▶ _Exercise goal_:
Would you write out the entries below, every one of them, exactly?

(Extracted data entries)
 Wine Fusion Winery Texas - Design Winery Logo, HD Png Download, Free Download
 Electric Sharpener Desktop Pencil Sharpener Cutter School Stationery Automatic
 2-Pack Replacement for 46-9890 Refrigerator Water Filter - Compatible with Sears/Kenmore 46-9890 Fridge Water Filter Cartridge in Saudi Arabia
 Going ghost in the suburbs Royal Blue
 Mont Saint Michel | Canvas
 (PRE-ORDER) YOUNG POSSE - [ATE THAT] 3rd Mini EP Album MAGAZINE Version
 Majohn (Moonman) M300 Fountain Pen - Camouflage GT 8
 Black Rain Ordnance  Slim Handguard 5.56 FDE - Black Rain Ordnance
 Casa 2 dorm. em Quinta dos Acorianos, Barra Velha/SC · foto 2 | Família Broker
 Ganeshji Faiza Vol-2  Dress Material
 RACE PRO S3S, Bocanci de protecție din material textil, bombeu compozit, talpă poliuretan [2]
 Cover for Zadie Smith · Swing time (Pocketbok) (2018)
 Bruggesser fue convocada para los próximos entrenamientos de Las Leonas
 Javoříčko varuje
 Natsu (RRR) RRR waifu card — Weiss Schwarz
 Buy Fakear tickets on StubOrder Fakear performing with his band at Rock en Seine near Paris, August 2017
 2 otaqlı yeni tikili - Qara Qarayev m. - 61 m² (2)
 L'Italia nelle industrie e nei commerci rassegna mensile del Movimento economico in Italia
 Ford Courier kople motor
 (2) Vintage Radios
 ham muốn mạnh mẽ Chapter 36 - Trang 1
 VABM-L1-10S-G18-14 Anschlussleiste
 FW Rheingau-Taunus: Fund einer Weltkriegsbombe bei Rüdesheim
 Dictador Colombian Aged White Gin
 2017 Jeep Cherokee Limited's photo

▶ _Output for this task_:
 Wine Fusion Winery Texas - Design Winery Logo, HD Png Download, Free Download
 Electric Sharpener Desktop Pencil Sharpener Cutter School Stationery Automatic
 2-Pack Replacement for 46-9890 Refrigerator Water Filter - Compatible with Sears/Kenmore 46-9890 Fridge Water Filter Cartridge in Saudi Arabia
 Going ghost in the suburbs Royal Blue
 Mont Saint Michel | Canvas
 (PRE-ORDER) YOUNG POSSE - [ATE THAT] 3rd Mini EP Album MAGAZINE Version
 Majohn (Moonman) M300 Fountain Pen - Camouflage GT 8
 Black Rain Ordnance  Slim Handguard 5.56 FDE - Black Rain Ordnance
 Casa 2 dorm. em Quinta dos Acorianos, Barra Velha/SC · foto 2 | Família Broker
 Ganeshji Faiza Vol-2  Dress Material
 RACE PRO S3S, Bocanci de protecție din material textil, bombeu compozit, talpă poliuretan [2]
 Cover for Zadie Smith · Swing time (Pocketbok) (2018)
 Bruggesser fue convocada para los próximos entrenamientos de Las Leonas
 Javoříčko varuje
 Natsu (RRR) RRR waifu card — Weiss Schwarz
 Buy Fakear tickets on StubOrder Fakear performing with his band at Rock en Seine near Paris, August 2017
 2 otaqlı yeni tikili - Qara Qarayev m. - 61 m² (2)
 L'Italia nelle industrie e nei commerci rassegna mensile del Movimento economico in Italia
 Ford Courier kople motor
 (2) Vintage Radios
 ham muốn mạnh mẽ Chapter 36 - Trang 1
 VABM-L1-10S-G18-14 Anschlussleiste
 FW Rheingau-Taunus: Fund einer Weltkriegsbombe bei Rüdesheim
 Dictador Colombian Aged White Gin
 2017 Jeep Cherokee Limited's photo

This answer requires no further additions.